Maybe your bike absorbed moisture and gained weight! Hey, my girlfriend uses that excuse all the time!


----------



## Camilo (Jun 23, 2007)

It just doesn't make sense to me, but same scale weights with only the changes you mentioned can't lie.

Two "heavy" cages are at most 150 gm. Your's are probably lighter, say 100 max (probably less)

On weight weenies I don't see any computers + mount for more than 200 grams, most are less than 100.

You're looking at a max of 350 grams, only 3/4 lb... more likely 200, or less than 1/2 pound.

Screws? Tape? Zip Ties? The only way to settle it is to take the stuff off and re-weigh, but that's probably not worth it. I'll bet the original weight was somehow off.


----------



## ktam (Apr 17, 2008)

i thought about removing the items i added, but the thought of cutting off the zip ties and having to reattach everything was just too tedious. 

as roadscrape added, its probably just moisture absorbed into the carbon fiber =)


----------



## miller_2727 (May 19, 2007)

*1lb*

that 1lb could prove to be pretty valuable. i would ditch the cages and cyclometer. personally, i would rather dehydrate and not know how far from home i am when i pass out then have that extra pound. :thumbsup:

(and you use zip ties.....that's your weight problem. you must use boar's hair. much lighter)


----------



## s2ktaxi (Jul 11, 2006)

for comparison...
2 CF cages w/bolts @20g = 40g
Garmind Edge 705 w/mounts, zip ties, magnets, cadence sensor = 160g

200g is less than half a pound...


----------



## dhtucker4 (Jul 7, 2004)

No, most bike computers with a cadence option don't weigh that much, and I highly doubt that your carbon cages with bolts and grease will not tip the scales at all.
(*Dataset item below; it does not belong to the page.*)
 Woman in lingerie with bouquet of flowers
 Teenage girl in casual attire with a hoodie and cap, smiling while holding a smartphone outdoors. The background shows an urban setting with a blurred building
Most bikes are weighed without pedals (pedals being a personal preference - the other being a saddle).

Most bikes are weighed with no cages, but with the bolts included. Do you have a saddle bag? Of the four - computer, cages, saddlebag, and pedals, the pedals are the heaviest, with the saddle bag being the second heaviest.

Even a pair of very heavy cages (aluminum) and four bolts (aluminum) are rarely over 175 grams.


----------



## jmlapoint (Sep 4, 2008)

If you are really serious about keeping an eye on weight and comparing different components before you add to your bike, I recommend the Table Top Gram Scale.
It weighs in gms. or lbs. and is very accurate.
Large digital readout to 3 decimal places.
Can be had online for about $49
Also great for weighing packages for postage.

They also make the Alpine Digital Scale that allow you to weigh things by hanging, which is great for weighing your bike and weighing your wheels.
Little pricey at $59.99.


----------



## AlexCad5 (Jan 2, 2005)

The bike had to have been weighed without pedals to get the first weight. Even heavy computers can't weigh more than a half pound. If you are watching your bikes weight, use a wired computer. They are a quite a bit lighter.
I go without. When I ride on my own I don't care how fast I'm going, and I know all the distances on local routes. When I'm with a group, I'll ask if I'm curious. It's not really a weight issue, but it does save me 100 gms, and that ain't bad either.


----------